Ao fim de março, a Gol tinha dívida bruta total de 16,9 bilhões de reais, sendo 7,4 bilhões de reais com os lessores de aviões — menos da metade dos compromissos que a Azul possui com esses financiadores. Da liquidez declarada pela empresa, de 4 bilhões de reais, 2,9 bilhões de reais eram o saldo em conta entre disponível e restrito.
A pandemia deve promover grandes mudanças no setor no médio prazo, como consolidação de negócios, desaparecimento de empresas e o surgimento de novas. No curto prazo, porém, o horizonte tem apenas recuperações judiciais e renegociações de dívida. No Brasil, o pacote do BNDES pode definir os rumos. A dúvida é saber se ele vai mesmo sair do papel, uma vez que depende do apetite dos investidores de mercado para ocorrer.

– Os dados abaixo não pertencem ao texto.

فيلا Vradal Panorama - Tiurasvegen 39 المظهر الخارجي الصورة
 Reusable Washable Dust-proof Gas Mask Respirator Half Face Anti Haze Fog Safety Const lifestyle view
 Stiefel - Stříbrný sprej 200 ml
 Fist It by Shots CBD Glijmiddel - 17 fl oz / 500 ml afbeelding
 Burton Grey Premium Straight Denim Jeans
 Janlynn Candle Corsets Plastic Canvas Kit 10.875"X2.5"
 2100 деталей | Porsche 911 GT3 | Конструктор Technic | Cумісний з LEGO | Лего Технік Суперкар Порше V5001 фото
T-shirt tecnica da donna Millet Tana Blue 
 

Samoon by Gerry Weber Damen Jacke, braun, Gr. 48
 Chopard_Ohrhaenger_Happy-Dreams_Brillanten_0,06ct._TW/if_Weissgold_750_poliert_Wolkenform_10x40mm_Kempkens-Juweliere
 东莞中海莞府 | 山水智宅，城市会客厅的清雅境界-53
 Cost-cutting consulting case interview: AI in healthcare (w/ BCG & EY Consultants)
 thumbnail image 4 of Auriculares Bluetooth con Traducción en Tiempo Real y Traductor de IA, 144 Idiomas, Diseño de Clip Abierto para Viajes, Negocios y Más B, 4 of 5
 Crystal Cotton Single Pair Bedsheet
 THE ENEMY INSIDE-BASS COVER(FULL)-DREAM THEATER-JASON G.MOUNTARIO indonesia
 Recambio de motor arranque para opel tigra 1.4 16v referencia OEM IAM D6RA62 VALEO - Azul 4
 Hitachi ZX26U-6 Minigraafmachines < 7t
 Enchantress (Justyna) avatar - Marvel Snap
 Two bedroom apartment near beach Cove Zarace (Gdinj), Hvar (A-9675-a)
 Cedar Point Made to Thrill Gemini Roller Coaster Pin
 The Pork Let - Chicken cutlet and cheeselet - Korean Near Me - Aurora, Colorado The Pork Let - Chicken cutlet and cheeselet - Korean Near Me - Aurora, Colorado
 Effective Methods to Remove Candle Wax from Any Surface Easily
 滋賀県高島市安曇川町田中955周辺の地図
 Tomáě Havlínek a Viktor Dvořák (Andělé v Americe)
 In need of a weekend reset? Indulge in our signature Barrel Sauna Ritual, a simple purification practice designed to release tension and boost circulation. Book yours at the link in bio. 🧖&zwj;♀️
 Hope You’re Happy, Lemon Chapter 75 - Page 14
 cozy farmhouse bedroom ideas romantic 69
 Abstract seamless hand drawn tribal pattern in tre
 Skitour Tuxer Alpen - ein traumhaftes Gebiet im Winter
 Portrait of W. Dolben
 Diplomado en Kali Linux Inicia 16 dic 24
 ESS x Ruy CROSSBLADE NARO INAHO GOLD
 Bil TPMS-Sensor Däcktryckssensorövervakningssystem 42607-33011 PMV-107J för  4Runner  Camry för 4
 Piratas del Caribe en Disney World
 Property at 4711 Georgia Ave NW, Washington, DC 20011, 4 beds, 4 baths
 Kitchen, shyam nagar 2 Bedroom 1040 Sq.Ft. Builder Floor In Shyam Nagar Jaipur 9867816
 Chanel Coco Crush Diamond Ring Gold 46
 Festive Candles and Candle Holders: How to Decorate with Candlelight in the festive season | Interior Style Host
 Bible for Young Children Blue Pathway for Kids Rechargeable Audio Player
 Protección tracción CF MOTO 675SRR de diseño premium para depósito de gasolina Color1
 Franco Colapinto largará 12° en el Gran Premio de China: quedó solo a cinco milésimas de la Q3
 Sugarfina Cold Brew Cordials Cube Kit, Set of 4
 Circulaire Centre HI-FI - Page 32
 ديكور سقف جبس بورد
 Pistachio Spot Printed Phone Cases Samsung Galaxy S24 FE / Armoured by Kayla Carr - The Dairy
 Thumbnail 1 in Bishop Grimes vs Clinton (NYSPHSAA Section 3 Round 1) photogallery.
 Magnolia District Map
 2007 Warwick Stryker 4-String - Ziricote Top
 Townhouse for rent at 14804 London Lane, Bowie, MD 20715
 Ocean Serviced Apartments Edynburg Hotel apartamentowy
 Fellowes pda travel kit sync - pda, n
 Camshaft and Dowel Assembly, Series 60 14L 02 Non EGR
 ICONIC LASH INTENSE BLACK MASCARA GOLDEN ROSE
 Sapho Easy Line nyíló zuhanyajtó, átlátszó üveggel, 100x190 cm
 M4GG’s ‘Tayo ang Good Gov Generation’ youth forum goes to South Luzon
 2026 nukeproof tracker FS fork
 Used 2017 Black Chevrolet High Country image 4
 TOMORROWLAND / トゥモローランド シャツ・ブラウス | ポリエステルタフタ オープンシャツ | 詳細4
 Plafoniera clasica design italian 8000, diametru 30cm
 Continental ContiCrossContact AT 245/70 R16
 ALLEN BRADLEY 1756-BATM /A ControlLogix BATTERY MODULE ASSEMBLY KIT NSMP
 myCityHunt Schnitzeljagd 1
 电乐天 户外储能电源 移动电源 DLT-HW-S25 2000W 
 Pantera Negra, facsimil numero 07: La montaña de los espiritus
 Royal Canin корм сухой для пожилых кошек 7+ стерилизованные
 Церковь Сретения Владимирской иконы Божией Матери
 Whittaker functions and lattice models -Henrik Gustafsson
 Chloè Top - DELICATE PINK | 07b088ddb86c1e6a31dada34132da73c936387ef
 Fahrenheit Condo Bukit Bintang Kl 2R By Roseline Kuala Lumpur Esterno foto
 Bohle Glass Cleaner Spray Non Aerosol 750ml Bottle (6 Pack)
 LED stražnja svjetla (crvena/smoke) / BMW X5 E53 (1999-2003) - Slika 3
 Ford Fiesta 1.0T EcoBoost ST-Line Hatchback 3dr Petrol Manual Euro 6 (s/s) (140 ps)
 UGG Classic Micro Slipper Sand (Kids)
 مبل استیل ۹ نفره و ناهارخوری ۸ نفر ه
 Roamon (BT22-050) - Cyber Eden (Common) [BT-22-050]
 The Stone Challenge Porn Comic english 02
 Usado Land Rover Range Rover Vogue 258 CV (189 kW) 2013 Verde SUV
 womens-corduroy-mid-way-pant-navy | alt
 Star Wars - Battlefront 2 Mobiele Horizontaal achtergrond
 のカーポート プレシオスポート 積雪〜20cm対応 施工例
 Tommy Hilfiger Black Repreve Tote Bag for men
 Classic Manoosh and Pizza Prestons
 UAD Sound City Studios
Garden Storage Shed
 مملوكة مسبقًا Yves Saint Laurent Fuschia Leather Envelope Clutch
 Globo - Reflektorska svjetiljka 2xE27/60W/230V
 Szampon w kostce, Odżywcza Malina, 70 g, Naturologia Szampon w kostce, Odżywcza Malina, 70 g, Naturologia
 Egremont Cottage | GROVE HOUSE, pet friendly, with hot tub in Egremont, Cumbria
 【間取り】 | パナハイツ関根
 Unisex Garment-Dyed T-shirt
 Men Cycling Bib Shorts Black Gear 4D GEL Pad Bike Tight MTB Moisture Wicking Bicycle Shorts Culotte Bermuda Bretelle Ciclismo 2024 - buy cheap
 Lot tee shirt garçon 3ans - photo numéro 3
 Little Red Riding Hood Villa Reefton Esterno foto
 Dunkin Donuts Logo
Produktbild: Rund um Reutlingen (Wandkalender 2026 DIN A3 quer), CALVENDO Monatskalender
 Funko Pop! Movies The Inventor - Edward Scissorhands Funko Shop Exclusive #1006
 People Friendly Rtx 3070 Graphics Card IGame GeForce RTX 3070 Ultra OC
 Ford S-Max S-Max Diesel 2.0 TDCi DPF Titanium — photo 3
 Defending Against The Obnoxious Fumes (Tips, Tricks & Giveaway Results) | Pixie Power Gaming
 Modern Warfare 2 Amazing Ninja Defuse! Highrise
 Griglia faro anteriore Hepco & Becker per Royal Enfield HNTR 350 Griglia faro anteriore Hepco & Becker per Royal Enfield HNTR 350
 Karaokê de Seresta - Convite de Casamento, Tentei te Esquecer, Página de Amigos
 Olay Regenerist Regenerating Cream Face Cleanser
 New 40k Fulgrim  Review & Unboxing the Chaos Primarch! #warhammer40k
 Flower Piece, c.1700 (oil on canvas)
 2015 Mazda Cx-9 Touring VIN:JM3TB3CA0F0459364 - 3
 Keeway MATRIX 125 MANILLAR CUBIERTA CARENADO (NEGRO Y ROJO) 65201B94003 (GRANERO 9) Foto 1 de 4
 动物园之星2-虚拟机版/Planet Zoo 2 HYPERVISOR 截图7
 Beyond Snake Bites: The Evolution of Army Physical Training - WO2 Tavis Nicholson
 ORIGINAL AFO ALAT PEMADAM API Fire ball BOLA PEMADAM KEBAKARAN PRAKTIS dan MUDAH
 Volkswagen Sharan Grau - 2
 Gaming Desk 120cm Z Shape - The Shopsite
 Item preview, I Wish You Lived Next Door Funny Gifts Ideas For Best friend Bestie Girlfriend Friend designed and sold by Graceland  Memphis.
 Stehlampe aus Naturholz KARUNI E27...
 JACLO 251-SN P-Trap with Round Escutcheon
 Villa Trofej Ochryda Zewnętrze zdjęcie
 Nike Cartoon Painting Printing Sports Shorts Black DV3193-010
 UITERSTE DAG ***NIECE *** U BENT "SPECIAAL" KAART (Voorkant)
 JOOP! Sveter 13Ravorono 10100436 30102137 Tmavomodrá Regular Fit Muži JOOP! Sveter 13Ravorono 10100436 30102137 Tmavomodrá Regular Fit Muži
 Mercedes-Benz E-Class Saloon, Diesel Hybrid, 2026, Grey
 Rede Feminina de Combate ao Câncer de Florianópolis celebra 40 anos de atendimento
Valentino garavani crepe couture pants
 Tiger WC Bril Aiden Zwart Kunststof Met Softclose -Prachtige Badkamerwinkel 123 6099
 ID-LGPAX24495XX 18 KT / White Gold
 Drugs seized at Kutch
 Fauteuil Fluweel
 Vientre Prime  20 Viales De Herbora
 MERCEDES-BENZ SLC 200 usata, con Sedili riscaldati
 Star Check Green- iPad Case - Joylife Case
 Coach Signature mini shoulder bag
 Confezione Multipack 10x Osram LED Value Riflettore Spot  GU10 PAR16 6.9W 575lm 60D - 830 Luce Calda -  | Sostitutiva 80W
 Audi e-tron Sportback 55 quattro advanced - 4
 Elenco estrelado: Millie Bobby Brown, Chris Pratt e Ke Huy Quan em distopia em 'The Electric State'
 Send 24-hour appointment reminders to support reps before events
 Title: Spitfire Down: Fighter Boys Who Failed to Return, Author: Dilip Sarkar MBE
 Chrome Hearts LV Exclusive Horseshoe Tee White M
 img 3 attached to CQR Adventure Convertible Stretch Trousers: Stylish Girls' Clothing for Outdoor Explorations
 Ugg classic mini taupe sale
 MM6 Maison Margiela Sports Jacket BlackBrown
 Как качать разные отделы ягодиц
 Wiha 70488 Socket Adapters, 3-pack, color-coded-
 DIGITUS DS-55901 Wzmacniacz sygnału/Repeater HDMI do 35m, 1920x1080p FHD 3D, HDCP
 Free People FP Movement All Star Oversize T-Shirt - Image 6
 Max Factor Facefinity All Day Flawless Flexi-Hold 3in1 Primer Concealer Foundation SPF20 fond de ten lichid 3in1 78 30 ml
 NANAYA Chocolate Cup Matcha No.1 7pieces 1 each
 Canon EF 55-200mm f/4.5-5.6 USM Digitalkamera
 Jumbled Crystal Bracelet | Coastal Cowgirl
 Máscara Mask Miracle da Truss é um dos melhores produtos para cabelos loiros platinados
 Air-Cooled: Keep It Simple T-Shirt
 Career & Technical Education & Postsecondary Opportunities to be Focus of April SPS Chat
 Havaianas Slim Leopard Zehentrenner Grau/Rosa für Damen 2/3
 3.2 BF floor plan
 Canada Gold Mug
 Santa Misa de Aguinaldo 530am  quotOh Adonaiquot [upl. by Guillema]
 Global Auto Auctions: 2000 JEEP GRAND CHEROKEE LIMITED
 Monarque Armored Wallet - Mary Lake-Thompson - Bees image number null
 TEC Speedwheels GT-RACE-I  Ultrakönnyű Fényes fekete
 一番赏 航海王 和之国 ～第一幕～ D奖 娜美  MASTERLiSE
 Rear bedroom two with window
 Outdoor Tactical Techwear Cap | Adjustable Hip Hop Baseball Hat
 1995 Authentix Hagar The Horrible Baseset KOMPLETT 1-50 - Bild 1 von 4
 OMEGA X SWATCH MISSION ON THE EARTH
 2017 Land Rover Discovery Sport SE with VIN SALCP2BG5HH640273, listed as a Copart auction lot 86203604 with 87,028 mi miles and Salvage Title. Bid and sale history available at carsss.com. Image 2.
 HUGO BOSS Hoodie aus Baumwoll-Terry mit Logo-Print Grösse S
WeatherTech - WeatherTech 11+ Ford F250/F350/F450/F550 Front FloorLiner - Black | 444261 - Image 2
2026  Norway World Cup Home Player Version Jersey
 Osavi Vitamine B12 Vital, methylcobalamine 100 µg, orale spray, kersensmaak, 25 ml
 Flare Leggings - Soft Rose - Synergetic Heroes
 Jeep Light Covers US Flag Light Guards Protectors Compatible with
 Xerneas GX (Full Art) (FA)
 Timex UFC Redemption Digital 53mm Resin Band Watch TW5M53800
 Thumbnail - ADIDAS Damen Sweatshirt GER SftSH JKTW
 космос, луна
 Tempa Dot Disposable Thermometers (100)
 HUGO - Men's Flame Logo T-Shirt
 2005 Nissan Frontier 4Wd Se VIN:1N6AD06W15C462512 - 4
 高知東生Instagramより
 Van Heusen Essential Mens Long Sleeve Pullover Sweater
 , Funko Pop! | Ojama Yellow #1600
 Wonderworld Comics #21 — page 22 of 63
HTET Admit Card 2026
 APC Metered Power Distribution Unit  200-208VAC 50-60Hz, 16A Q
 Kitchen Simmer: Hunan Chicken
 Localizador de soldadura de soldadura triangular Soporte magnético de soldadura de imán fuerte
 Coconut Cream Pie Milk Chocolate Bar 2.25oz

Após aguardarem a evolução da crise, as agências de classificação de risco de crédito, porém, já estão ajustando suas notas. A S&P Global Ratings rebaixou a nota da Azul em escala global de “B” para “CCC+” e a nota de crédito em escala nacional de “brA-” para “brBB-”. Hoje, a Fitch passou as três — Azul, Gol e Latam — para “B-”. E já avisou que tudo pode piorar, a depender do tempo que levar para se concretizar o pacote do resgate às companhias.
No mercado de ações, é comum que a volatilidade aumente com a perspectiva de insolvência dos negócios. O sobe e desce, portanto, não é visto como um bom sinal.